Aim of the exercise:
Using the data that follows, give the number of lines in which the word "Series" occurs. Write only the number.

■ ■ ■ ■ ■

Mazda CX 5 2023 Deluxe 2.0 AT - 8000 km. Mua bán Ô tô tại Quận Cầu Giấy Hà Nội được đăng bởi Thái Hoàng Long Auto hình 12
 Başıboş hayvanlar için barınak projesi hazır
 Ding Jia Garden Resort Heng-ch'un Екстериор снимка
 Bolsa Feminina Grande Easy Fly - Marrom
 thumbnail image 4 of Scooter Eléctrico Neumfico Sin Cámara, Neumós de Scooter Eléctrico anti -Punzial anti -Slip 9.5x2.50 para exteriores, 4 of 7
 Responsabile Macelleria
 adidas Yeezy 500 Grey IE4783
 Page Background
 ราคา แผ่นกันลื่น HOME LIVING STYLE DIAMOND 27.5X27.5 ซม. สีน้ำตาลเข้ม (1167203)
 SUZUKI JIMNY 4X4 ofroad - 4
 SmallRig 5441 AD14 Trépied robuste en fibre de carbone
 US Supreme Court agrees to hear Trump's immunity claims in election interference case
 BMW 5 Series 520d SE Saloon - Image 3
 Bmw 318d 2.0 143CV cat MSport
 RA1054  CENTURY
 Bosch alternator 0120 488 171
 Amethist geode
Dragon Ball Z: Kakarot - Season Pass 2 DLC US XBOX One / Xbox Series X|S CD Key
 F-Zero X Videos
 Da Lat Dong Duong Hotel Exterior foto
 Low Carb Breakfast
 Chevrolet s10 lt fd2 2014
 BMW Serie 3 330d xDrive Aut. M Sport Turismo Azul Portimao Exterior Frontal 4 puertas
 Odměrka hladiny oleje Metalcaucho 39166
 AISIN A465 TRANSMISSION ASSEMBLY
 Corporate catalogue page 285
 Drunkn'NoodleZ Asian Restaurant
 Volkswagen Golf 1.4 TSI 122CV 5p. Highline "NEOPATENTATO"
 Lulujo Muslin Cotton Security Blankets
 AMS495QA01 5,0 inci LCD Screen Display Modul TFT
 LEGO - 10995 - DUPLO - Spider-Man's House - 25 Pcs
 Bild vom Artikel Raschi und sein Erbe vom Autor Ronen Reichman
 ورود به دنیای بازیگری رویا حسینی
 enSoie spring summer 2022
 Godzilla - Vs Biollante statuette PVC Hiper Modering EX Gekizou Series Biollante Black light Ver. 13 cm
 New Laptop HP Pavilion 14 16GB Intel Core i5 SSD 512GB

■ ■ ■ ■ ■

Output:
3